Data to examine:
=== Section Start ===

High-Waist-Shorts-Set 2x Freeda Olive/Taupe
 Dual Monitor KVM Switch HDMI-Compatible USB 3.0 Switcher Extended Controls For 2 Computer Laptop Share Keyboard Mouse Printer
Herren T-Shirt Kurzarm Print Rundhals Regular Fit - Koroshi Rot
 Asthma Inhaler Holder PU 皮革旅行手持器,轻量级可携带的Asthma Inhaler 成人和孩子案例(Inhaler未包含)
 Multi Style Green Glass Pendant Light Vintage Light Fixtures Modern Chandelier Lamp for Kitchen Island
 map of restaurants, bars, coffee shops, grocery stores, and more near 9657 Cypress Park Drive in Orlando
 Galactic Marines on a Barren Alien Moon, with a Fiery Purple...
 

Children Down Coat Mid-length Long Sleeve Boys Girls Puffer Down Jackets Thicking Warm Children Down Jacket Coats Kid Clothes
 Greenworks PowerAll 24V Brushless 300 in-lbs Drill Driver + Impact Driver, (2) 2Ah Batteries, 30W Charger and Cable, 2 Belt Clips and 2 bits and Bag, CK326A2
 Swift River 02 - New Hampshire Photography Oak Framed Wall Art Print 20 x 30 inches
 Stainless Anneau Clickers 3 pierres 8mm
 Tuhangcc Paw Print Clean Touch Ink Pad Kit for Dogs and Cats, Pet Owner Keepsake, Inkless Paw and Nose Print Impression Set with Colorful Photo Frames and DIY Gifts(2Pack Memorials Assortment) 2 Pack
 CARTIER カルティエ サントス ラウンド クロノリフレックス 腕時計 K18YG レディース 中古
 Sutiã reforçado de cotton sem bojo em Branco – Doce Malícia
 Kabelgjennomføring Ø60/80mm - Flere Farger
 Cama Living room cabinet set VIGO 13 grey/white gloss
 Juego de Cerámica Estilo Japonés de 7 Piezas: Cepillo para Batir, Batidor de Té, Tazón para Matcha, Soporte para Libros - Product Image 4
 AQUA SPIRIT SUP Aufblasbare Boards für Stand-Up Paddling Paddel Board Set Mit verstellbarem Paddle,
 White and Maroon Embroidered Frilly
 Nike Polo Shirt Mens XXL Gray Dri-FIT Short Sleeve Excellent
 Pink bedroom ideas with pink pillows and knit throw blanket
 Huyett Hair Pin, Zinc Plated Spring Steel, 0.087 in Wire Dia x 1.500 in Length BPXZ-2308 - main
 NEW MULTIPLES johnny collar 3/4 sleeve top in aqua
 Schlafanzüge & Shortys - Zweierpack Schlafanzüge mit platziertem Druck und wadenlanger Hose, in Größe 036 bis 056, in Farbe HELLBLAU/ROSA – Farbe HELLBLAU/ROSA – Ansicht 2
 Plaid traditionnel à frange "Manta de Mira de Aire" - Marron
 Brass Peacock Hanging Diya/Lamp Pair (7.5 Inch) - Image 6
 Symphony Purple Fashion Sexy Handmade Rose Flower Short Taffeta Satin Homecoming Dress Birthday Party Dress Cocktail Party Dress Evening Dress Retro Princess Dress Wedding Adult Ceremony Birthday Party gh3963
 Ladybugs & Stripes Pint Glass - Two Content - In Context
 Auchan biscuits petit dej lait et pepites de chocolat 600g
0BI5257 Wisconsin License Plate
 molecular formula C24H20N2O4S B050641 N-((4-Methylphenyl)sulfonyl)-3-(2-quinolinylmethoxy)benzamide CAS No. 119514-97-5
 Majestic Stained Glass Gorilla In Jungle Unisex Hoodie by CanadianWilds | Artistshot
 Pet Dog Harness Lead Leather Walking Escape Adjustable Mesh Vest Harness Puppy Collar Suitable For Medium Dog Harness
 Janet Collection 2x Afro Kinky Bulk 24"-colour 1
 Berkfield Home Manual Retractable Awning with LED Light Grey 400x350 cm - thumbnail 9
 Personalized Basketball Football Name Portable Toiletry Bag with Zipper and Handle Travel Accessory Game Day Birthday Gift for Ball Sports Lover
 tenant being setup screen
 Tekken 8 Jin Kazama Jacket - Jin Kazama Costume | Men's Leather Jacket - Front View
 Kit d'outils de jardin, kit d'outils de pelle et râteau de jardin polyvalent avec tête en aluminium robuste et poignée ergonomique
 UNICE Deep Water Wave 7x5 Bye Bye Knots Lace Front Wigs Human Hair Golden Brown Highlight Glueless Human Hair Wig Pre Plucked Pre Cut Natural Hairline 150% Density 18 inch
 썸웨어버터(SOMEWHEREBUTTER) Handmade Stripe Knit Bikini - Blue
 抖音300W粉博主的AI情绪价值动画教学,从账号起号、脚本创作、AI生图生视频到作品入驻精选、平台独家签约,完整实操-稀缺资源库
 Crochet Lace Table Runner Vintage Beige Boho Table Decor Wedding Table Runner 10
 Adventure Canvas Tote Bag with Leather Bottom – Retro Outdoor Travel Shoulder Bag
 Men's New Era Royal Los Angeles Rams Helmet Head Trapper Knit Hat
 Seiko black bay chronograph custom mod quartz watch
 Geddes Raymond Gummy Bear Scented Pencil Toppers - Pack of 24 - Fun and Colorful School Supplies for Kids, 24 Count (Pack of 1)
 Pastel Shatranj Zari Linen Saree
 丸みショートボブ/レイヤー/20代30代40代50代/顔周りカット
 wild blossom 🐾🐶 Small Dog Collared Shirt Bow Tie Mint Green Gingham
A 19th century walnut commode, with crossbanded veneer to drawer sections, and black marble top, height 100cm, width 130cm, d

=== Section End ===

What is required:
Tally the lines of the material above that include the string "Retro", then give the number with no other text.

Written solution:
2